Bolsonaro—whose middle name is the Portuguese word for “messiah”—was also blessed with a freak aura of destiny. A month ago, as he was being carried aloft at a rally, a mentally disturbed man stabbed him in the gut. He spent the next few weeks campaigning from a hospital bed, spared from scrutiny at live debates. His first public address after the attack, which one of his sons recorded on a phone, was something straight out of a telenovela. Visibly pained and occasionally tearing up, he warned of a plan by the PT to falsify the vote (without presenting any proof, naturally). “What’s at stake now is your future,” he said in a halting voice. “Even those of you who support the PT—you’re a human being, too.” His allies went further, suggesting that the PT had actually orchestrated the assassination attempt.

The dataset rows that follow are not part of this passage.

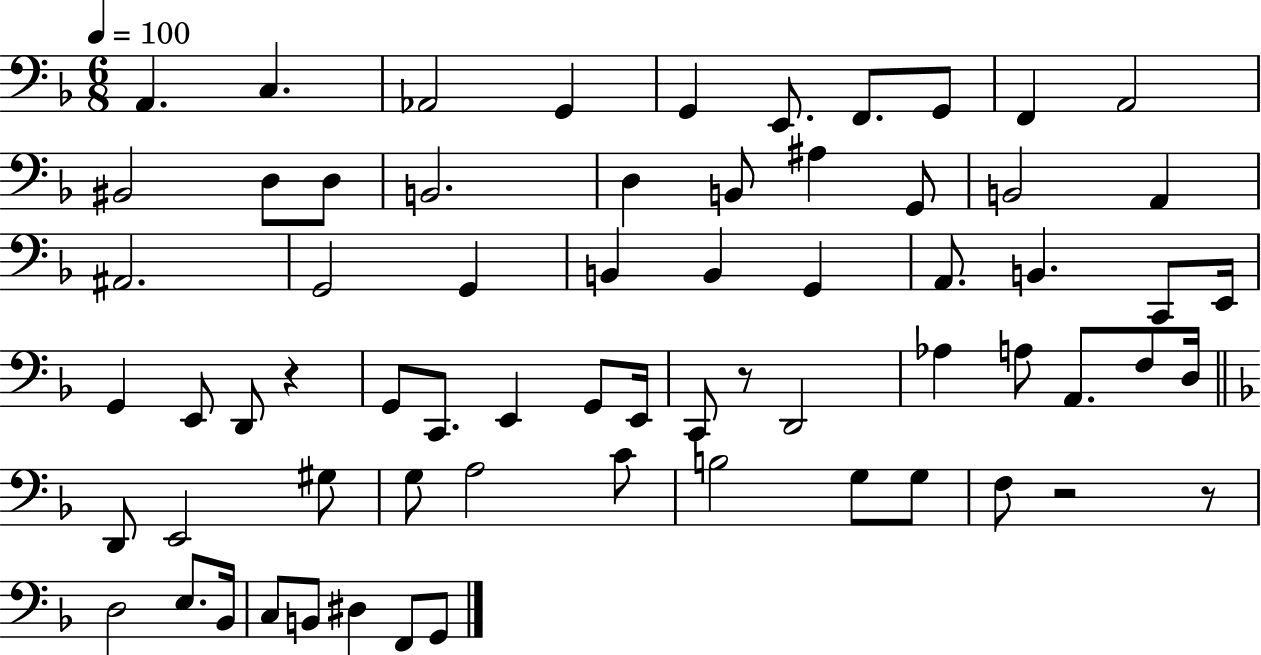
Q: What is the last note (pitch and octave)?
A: G2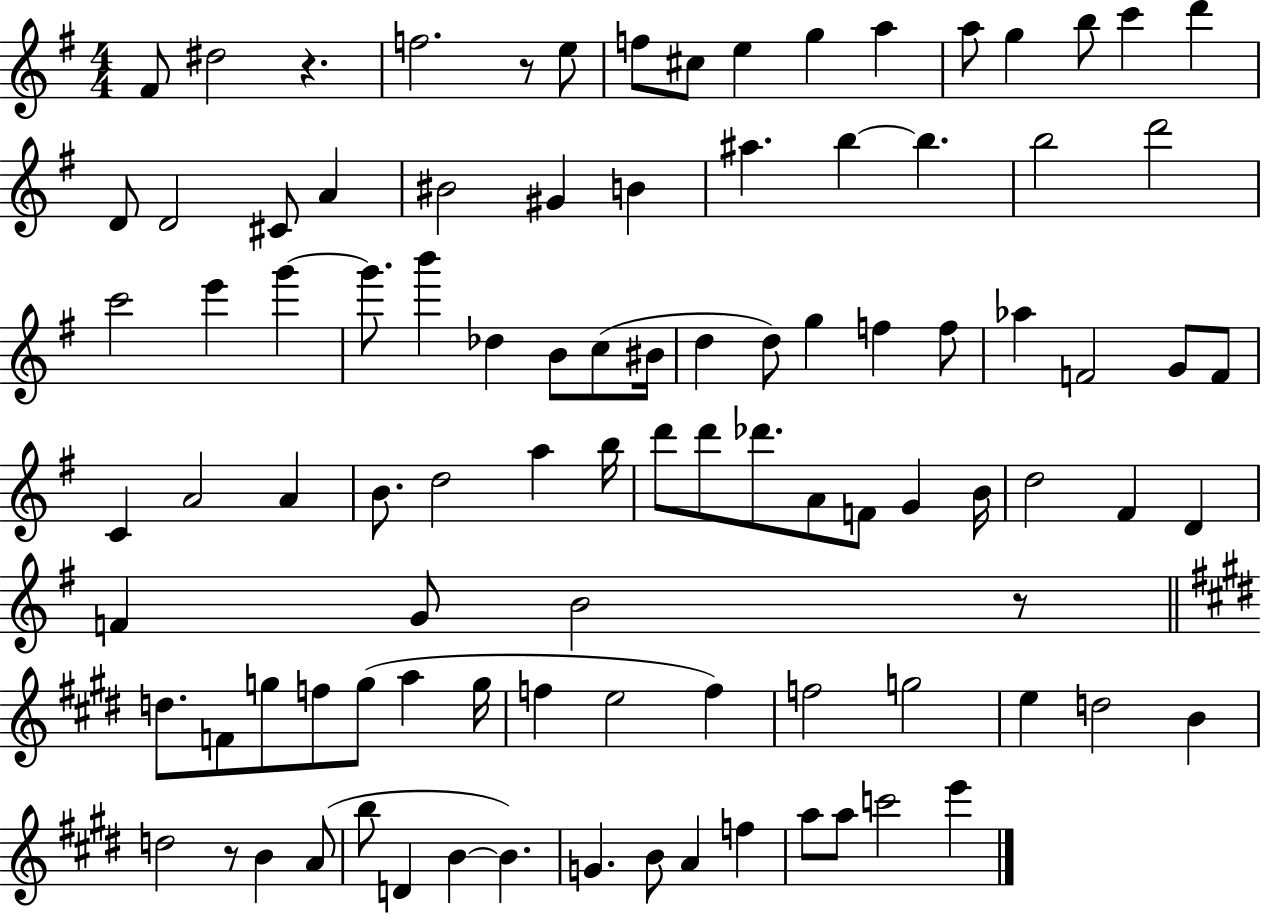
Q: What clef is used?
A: treble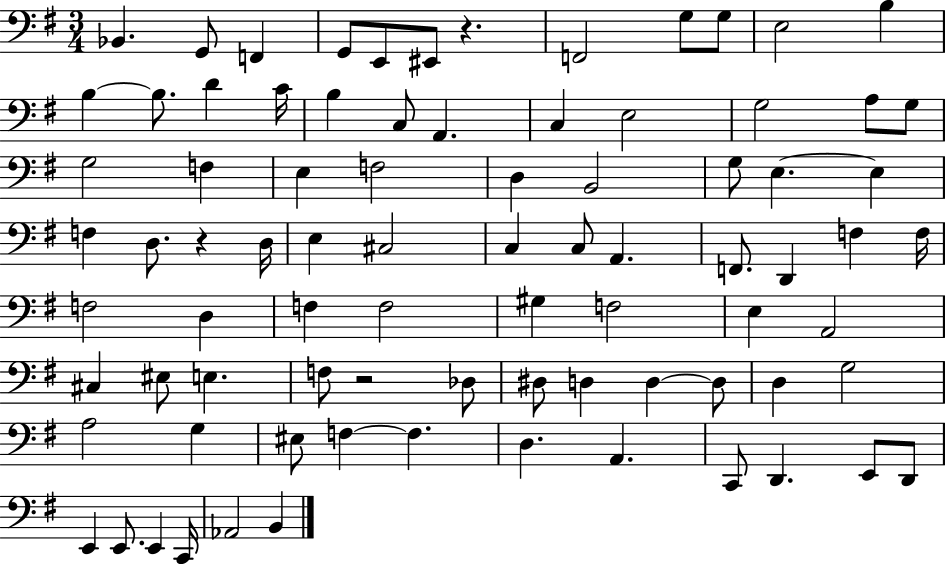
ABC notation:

X:1
T:Untitled
M:3/4
L:1/4
K:G
_B,, G,,/2 F,, G,,/2 E,,/2 ^E,,/2 z F,,2 G,/2 G,/2 E,2 B, B, B,/2 D C/4 B, C,/2 A,, C, E,2 G,2 A,/2 G,/2 G,2 F, E, F,2 D, B,,2 G,/2 E, E, F, D,/2 z D,/4 E, ^C,2 C, C,/2 A,, F,,/2 D,, F, F,/4 F,2 D, F, F,2 ^G, F,2 E, A,,2 ^C, ^E,/2 E, F,/2 z2 _D,/2 ^D,/2 D, D, D,/2 D, G,2 A,2 G, ^E,/2 F, F, D, A,, C,,/2 D,, E,,/2 D,,/2 E,, E,,/2 E,, C,,/4 _A,,2 B,,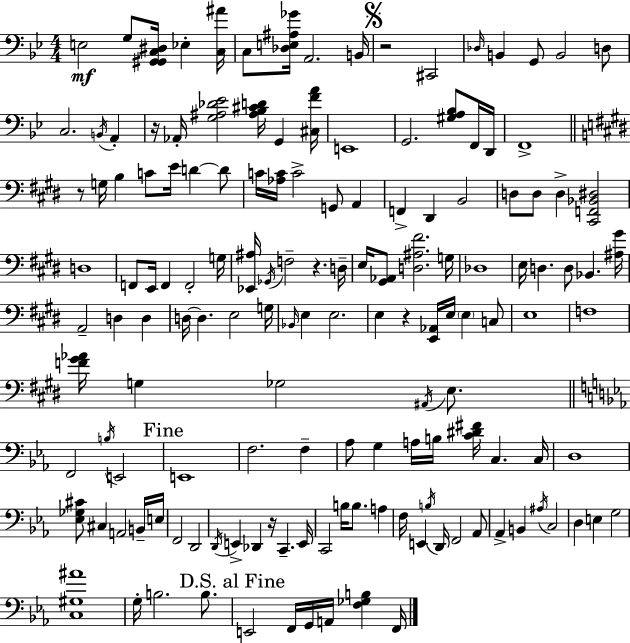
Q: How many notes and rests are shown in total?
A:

Even after outperforming all the polls on Sunday, Bolsonaro doubled down on his favorite themes. In a video posted to Facebook, he said he would have won an outright majority if not for Brazil’s dubious electronic-voting machines. He blamed the PT for destroying the economy, warning, “We can’t keep flirting with communism and socialism.” He also said he would “put a final stop to all forms of activism in Brazil.”

Haddad, in his own speech on Sunday, couldn’t help but play into Bolsonaro’s hands, praising Lula, his political godfather, despite Brazilians’ overwhelming support for the corruption investigations that landed him in prison. Next to Haddad was his running mate, Manuela D’Ávila—also chosen by Lula—from the Communist Party of Brazil. It may be difficult for Haddad to appeal to the center. Though he’s from the moderate wing of the PT, others in his party have praised Venezuela’s Nicolás Maduro, Bolsonaro’s favorite Communist bogeyman. Haddad did speak of uniting all those who believed in democracy—a noble message. But it remains to be seen if it will win over Brazilians who have lost faith in democracy altogether. The PT has already run ads comparing Bolsonaro directly to Hitler, and still Bolsonaro’s support has only grown. Live debates are scheduled, but Bolsonaro, despite having recovered from surgery, may well come up with another excuse to dodge them.

Ahead of the runoff, the question is what will prove stronger: hatred of the PT or fear of Bolsonaro. At a debate last week, the socialist candidate Guilherme Boulos explained in stark terms what’s at stake: “When I was born, Brazil was under a dictatorship. I don’t want my daughters to grow up under a dictatorship. It always begins like this.”